# 1. 导入库
在这部分，我们将引入所需的Python库，这些库将帮助我们进行数据处理、模型加载、推理等操作。

In [11]:
import numpy as np
import os
import time
import gc
from transformers import AutoTokenizer
from threading import Lock
from utils.session import Session
from config import InferenceConfig
import torch
import torch_npu

numpy：用于处理数组和进行数学运算的库。

os：提供与操作系统交互的功能，如文件处理。

time 和 gc：用于时间相关的操作和垃圾回收。

AutoTokenizer：来自 Hugging Face，用于加载预训练模型的分词器，将文本转化为模型可以理解的token。

Lock：来自threading模块，用于线程同步。

Session：自定义类，可能用于管理模型的会话。

InferenceConfig：自定义配置类，包含模型的超参数设置。

torch 和 torch_npu：PyTorch库，torch_npu用于处理NPU（神经处理单元）相关操作。

# 2. Inference 类

Inference 类是脚本的核心，负责与模型交互，包括加载模型、处理输入、生成预测以及管理会话状态。

## 初始化 (__init__ 方法)

In [2]:
class Inference:
    def __init__(self, config: InferenceConfig) -> None:
        # Initialize the necessary variables
        self.max_input_length = config.max_input_length
        self.max_output_length = config.max_output_length
        self.tokenizer = AutoTokenizer.from_pretrained(
            config.tokenizer_dir, trust_remote_code=True
        )
        self.session = Session.fromConfig(config)
        self.session_type = config.session_type
        self.kv_cache_length = config.kv_cache_length
        self.state: dict = {"code": 200, "isEnd": False, "message": ""}
        self.reset()
        self.lock = Lock()
        self.first = True
        print("[INFO] init success")

        # Set device to NPU
        # self.device = torch.device("npu" if torch.npu.is_available() else "cpu")
        # self.device = torch.device("npu")
        print("[INFO] NPU context set successfully")

self.max_input_length 和 self.max_output_length：从配置中读取最大输入和输出长度，用于控制模型处理的文本长度。

AutoTokenizer：加载一个预训练的分词器，将输入的文本转换成模型可以理解的token。
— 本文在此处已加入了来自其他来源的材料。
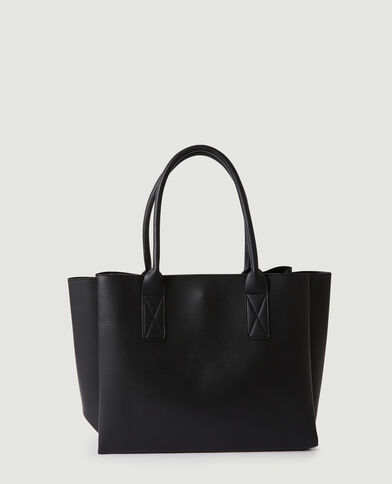 Sac cabas en simili cuir noir - Pimkie
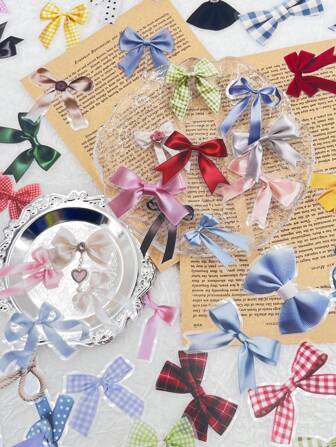 50pcs Transparent Bowknot Aesthetic Stickers Colorful Bowknot Stickers Bowknot Party Favors Craft Supplies PET Vinyl Sticker
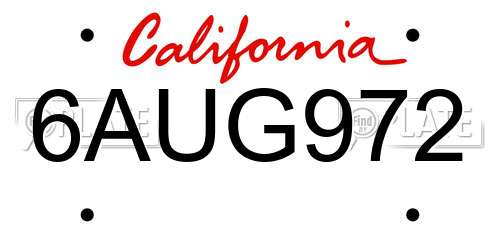 6AUG972 California License Plate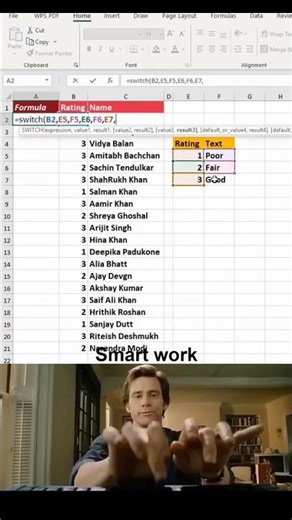 Convert ratings into text in entire column in excel within 15 seconds 😱 #excel #office #spreadsheet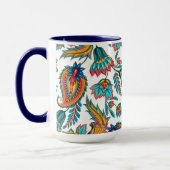 カラフル水彩色フローラペイズリーパターン マグカップ (左)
Session：自定义的类，用于管理和配置模型会话。

self.device：将计算设备设置为 NPU（如果可用），否则默认为CPU。

## 3.缓存生成 (generate_cache 方法)
该方法接收输入文本，将其转换为token，并通过模型生成预测结果。 
它也会计算下一个token并返回其logits（原始模型输出）。

In [3]:
    def generate_cache(self, prompt: str):
        if len(prompt) == 0:
            return
        self.first = False
        input_ids = np.asarray(self.tokenizer.encode(prompt), dtype=np.int64).reshape(1, -1)
        logits = self.session.run(input_ids)[0]
        next_token = self.sample_logits(logits[0][-1:])
        return next_token, logits

    Inference.generate_cache = generate_cache

## 4. 采样下一个token (sample_logits 方法)
该方法使用不同的采样方法（如贪婪、Top-k、Top-p）来选择下一个最可能的token。
它允许通过设置不同的参数来调整生成文本的多样性和随机性。

In [4]:
    def sample_logits(self, logits: np.ndarray, sampling_method: str = "greedy", sampling_value: float = None, temperature: float = 1.0) -> np.ndarray:
        if temperature == 0 or sampling_method == "greedy":
            return np.argmax(logits, axis=-1).astype(np.int64)
        elif sampling_method == "top_k" or sampling_method == "top_p":
            assert sampling_value is not None
            logits = logits.astype(np.float32)
            logits /= temperature
            probs = np.exp(logits) / np.sum(np.exp(logits))
            sorted_probs = np.sort(probs)[:, ::-1]
            sorted_indices = np.argsort(probs)[:, ::-1]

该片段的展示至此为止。